Breast cancer (X76)

March 3, 2023

Clinical course of breast cancer

Signs and symptoms of breast cancer may include a lump in the breast or eczema at the nipple. In symptomatic women, mammography or breast ultrasound can indicate breast cancer. Breast cancer may also be detected by mammography screening without symptoms. 

The diagnosis is made when malignant epithelial cells are found. The most common histologic types are infiltrating ductal, infiltrating lobular and mixed ductal/lobular carcinomas. 

To detect breast cancer in an early stage, all Dutch women aged between 50 to 75 years receive an invitation to participate in screening with mammography every 2 years. 

Factors that are associated with an increased risk of breast cancer include increasing age, female sex, a family history of breast cancer, drinking alcohol, smoking, and having oestrogen and progesterone circulating for a long time. Examples of long hormonal exposure are early menarche (first menstrual period at a young age), late menopause, nulligravidity (having never been pregnant), giving first birth at an older age and using postmenopausal hormone therapy. Breastfeeding and physical activity reduce the risk of breast cancer. 

Most women (around 98%) will survive breast cancer for 5 years or more after diagnosis. Treatment occurs in secondary or tertiary care and depends on the stage of breast cancer at presentation. Specialist treatment may involve surgery, radiation therapy and medical oncology (e.g. chemotherapy, hormonal treatment, immunotherapy). 

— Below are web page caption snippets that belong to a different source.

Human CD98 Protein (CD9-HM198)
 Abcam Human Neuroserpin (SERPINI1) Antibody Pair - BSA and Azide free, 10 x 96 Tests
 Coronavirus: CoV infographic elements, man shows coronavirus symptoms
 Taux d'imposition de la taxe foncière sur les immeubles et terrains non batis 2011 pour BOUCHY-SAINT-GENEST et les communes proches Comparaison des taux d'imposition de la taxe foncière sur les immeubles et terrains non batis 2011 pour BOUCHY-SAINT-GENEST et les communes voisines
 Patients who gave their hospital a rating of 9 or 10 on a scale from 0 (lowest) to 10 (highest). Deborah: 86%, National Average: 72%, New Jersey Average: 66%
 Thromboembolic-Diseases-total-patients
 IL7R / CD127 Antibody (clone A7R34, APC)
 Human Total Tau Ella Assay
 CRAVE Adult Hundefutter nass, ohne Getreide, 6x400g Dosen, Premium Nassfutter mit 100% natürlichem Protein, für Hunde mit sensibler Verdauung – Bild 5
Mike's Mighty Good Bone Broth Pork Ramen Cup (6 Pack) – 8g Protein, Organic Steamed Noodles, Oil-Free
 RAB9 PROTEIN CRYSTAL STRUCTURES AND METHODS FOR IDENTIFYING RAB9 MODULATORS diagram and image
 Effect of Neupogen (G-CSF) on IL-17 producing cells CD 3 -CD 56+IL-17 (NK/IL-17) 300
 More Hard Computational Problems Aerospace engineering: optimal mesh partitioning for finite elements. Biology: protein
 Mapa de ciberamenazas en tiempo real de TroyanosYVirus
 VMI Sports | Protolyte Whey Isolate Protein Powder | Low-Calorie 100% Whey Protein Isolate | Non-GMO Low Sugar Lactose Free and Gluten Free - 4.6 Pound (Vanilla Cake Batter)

In the text below, we will only focus on female breast cancer.

How is breast cancer recorded in FaMe-Net?

Breast cancer is coded in ICPC-2 with X76. 

Epidemiology of breast cancer in FaMe-Net

Incidence of breast cancer is 1.5 per 1000 patient years, meaning 1.5 new diagnoses per 1000 female patients per year. The diagnosis is generally made after 45 years of age with also some cases in the age group 25-44. Incidence is highest in patients aged 65-74 and 75+ years (4.0 per 1000 patient years). Link/Figure 1

Prevalence of breast cancer is 12.8 per 1000 female patient years. This means that among 1000 female patients per year 13 have (had) breast cancer and sought help from the GP for it. Prevalence is highest in patients aged 65-74 years: 47.5 per 1000 patient years. Link/Figure 2

The higher number of prevalence compared to incidence indicates that breast cancer may behave as a chronic disease, requiring ongoing GP attention after the diagnosis. 

How do patients with breast cancer present to their GP?

The most common reason for encounter (RFE) for breast cancer is a breast lump/mass, presented in one third of all new diagnoses breast cancer. Another frequent reason for starting this episode is an abnormal screening result. Link/Table 3 The GP can receive this result as a letter (RFE *62), the screening care provider can contact the GP about the abnormal finding (*65) or the GP can initiate the contact with the patient in response to an abnormal screening result (*64). In the younger women with breast cancer (25-45 years), a breast lump/mass is even more common as initial RFE of the episode breast cancer, but note that these numbers are low. Link/Table 4 

In previous research with FaMe-Net data, a positive predictive value of 15% was found for diagnosing breast cancer in patients aged 45 years and older with a breast lump. This means that 15% of these patients presenting with a breast lump will be diagnosed with breast cancer. The current positive predictive value is 10%. Link/Table 5 The lower percentage is probably caused by the younger average age of women contributing to the most recent data as compared to the previously published data: after new practices joined the registration in 2014, the age composition of the entire FaMe-Net population shifted towards a smaller proportion of older patients, resulting in a lower average age in the group over 45 years. 

How do FaMe-Net GPs act

When the diagnosis is still unclear, GPs perform diagnostic radiology / imaging or refer to a specialist, most often a surgeon. During a breast cancer episode, the most common intervention by GPs is prescription of medication. Link/Table 6; Link/Table 7

Most commonly, anti-oestrogens and aromatase inhibitors are prescribed. Link/Table 8 

Referral to physical therapy is also a common intervention. Link/Table 9

Reference list:

Van Boven et al. The diagnostic value of the patient’s reason for encounter in diagnosing cancer in primary care.  JABFM 2017.